Dataset excerpts

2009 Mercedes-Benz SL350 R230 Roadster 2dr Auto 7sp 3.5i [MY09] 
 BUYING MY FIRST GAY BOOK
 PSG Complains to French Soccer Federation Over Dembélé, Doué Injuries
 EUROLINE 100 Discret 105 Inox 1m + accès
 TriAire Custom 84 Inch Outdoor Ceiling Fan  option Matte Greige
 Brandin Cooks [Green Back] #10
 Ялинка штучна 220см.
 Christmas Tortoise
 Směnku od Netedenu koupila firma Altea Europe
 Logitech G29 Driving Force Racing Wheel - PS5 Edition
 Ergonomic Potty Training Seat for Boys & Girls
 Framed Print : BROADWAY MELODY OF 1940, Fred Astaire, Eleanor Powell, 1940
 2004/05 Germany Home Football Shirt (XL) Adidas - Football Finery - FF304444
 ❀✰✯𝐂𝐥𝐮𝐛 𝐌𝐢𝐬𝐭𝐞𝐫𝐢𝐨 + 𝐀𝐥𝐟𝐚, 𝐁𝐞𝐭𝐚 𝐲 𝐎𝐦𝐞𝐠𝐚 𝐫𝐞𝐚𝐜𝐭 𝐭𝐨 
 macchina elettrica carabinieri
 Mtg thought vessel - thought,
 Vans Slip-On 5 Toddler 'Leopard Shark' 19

Your objective :: Give back exactly the lines from the one that contains "Brandin Cooks [Green Back] #10" to the end of the data above, both of those lines included.

Response to the task ::
 Brandin Cooks [Green Back] #10
 Ялинка штучна 220см.
 Christmas Tortoise
 Směnku od Netedenu koupila firma Altea Europe
 Logitech G29 Driving Force Racing Wheel - PS5 Edition
 Ergonomic Potty Training Seat for Boys & Girls
 Framed Print : BROADWAY MELODY OF 1940, Fred Astaire, Eleanor Powell, 1940
 2004/05 Germany Home Football Shirt (XL) Adidas - Football Finery - FF304444
 ❀✰✯𝐂𝐥𝐮𝐛 𝐌𝐢𝐬𝐭𝐞𝐫𝐢𝐨 + 𝐀𝐥𝐟𝐚, 𝐁𝐞𝐭𝐚 𝐲 𝐎𝐦𝐞𝐠𝐚 𝐫𝐞𝐚𝐜𝐭 𝐭𝐨 
 macchina elettrica carabinieri
 Mtg thought vessel - thought,
 Vans Slip-On 5 Toddler 'Leopard Shark' 19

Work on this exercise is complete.